Ce qui est toujours délicat, c’est de trouver le bon équilibre entre le fait de devoir remplir la salle (qui est grande) et le fait de pouvoir proposer des artistes de qualité et de vraies découvertes. Nous avons la chance de pouvoir moduler la capacité de la salle, ce qui nous permet également de faire des concerts plus intimistes et avec moins de pression financière. Il ne faut pas non plus oublier qu’on ne programme pas pour soi, mais pour le public.

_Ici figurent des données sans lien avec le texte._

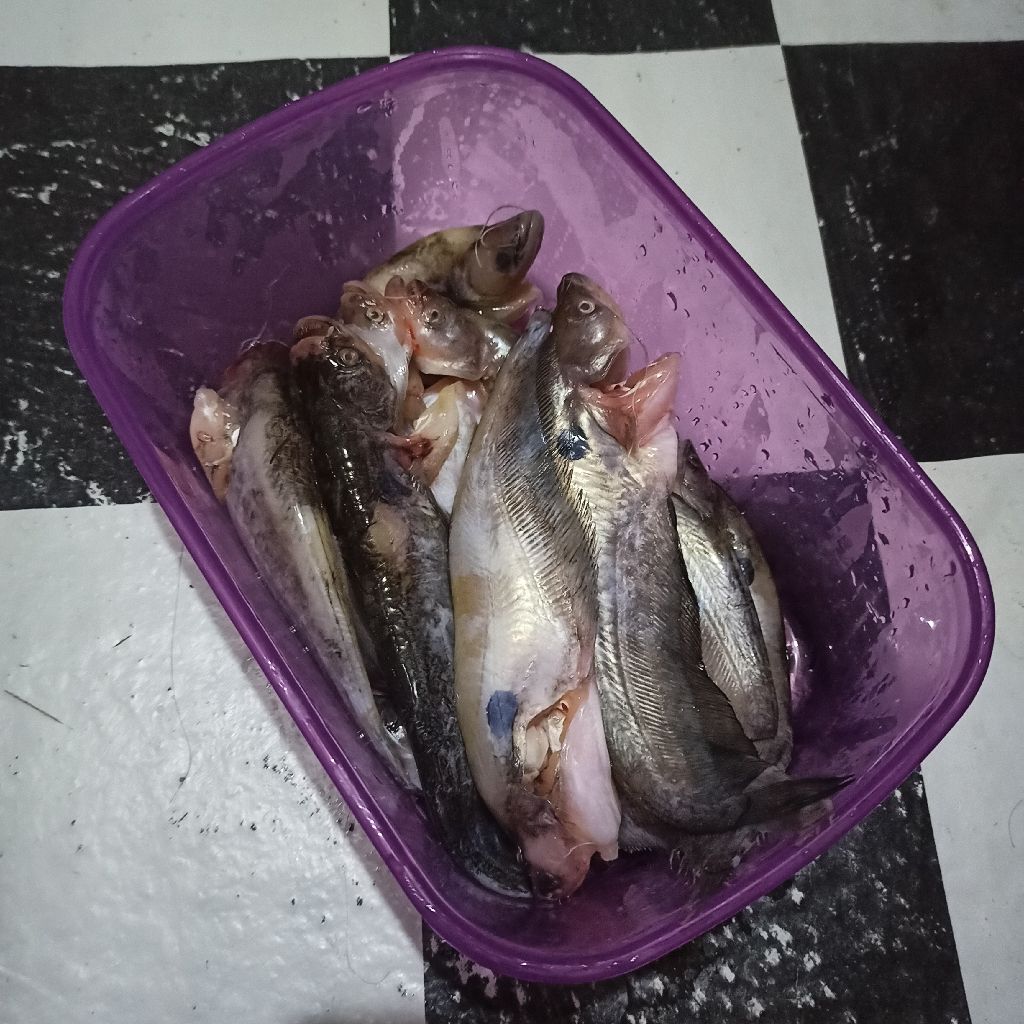 Langkah 1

L’une des problématiques en Suisse est le fait que c’est un petit territoire et qu’il y a énormément de salles et de festivals. La concurrence est donc rude et il faut souvent se battre pour pouvoir confirmer un artiste, sans pour autant faire monter les enchères et offrir trop d’argent, ce qui casse le marché. Il y a aussi les problèmes d’exclusivité; avec une capacité de 1200 places, je ne peux pas remplir la salle si le groupe fait 3 concerts en Suisse. 2 c’est souvent le maximum, et il faut s’assurer que l’autre date ne se fera pas trop près. Après, certains groupes ne font même plus de date en Suisse sur certaines tournées: le marché discographique est lui aussi petit, et donc ce n’est pas une priorité pour les labels ou maisons de disques. Mais les cachets sont de manière générale assez élevés (c’est bien connu, la Suisse est un pays riche…), donc c’est souvent là-dessus que cela se décide au final. En revanche, Fri-Son bénéficie d’une renommée internationale et a une histoire, donc je n’irais pas jusqu’à dire que c’est facile à programmer, mais en général ça aide, car les agents et/ou les artistes connaissent le nom de la salle et sa réputation. 

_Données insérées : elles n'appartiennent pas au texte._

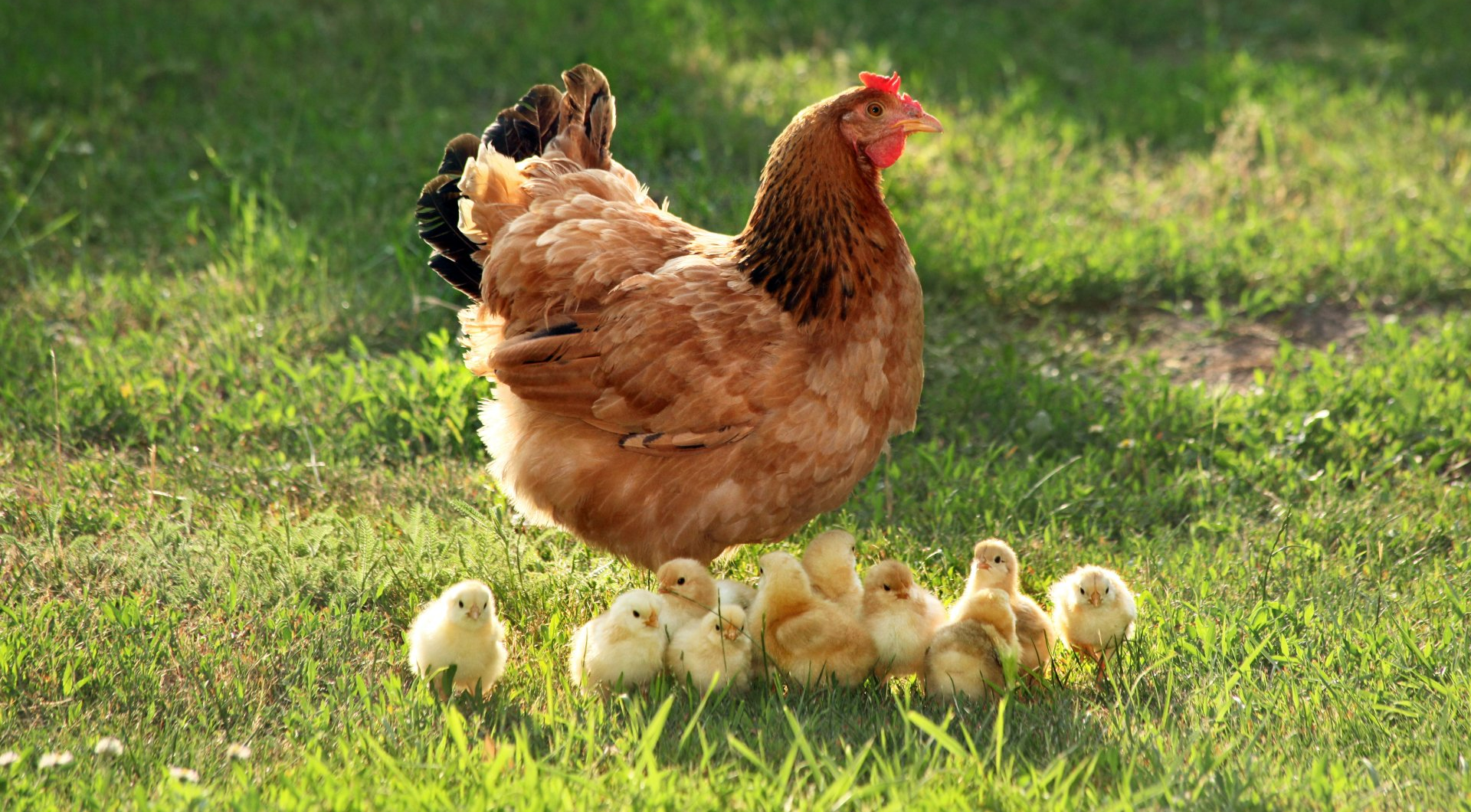 Chicken Feed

J’ai particulièrement de plaisir à suivre les artistes qu’on programme pour la première fois et j’essaie donc de les re-programmer sur les tournées suivantes. Cela a été le cas de Kate Tempest, qui était venue en 2014 pour son premier concert en Suisse et qui a choisi de revenir à Fri-Son pour la sortie de son deuxième album, alors qu’il y avait énormément d’intérêt de la part de nombreuses salles. Elle nous a d’ailleurs promis qu’elle reviendrait jusqu’à ce qu’on fasse un sold out! Je trouve important de chérir les relations qui peuvent naître entre un artiste et la salle, et bien évidemment avec le public aussi. 

Une des choses qui a beaucoup changé ces dernières années est que la majeure partie des artistes internationaux tournent avec un support, ce qui nous rend les choses plus difficiles pour mettre en avant la scène locale et leur proposer de belles premières parties. On doit donc trouver d’autres moyens pour les soutenir. 

Je dirais aussi que la particularité de ce métier est qu’il s’agit de culture et d’art, mais que c’est un vrai business: parfois on parle plus d’argent que de musique, c’est dommage. Je pense qu’il est important de se rappeler que nous sommes là pour «divertir» les gens (même si je déteste ce terme), pour leur donner du plaisir, partager un moment; nous ne sommes pas médecins, nous ne faisons pas la guerre, il n’y aura pas mort d’hommes si on ne répond pas à un mail dans la minute ou si on prend quelques jours de vacances. Je trouve que les gens ont parfois tendance à l’oublier… 

Et puis ce qui compte au final, c’est le concert, c’est ce moment de partage entre l’artiste et son public, entre les gens du public entre eux, avec les gens qui travaillent sur la soirée aussi. C’est pour ça que j’aime ce métier, on crée des liens tout le temps, on partage des émotions, et quand on a des frissons, c’est là que la magie opère. 

3 conseils pour ceux qui veulent se lancer dans une carrière musicale?

1. Sois curieux! Tout le temps! Va voir des concerts, écoute de la musique, renseigne-toi!

2. Le réseau, c’est une des choses les plus importantes, et il faut l’entretenir! 

3. N’oublie jamais de rester passionné.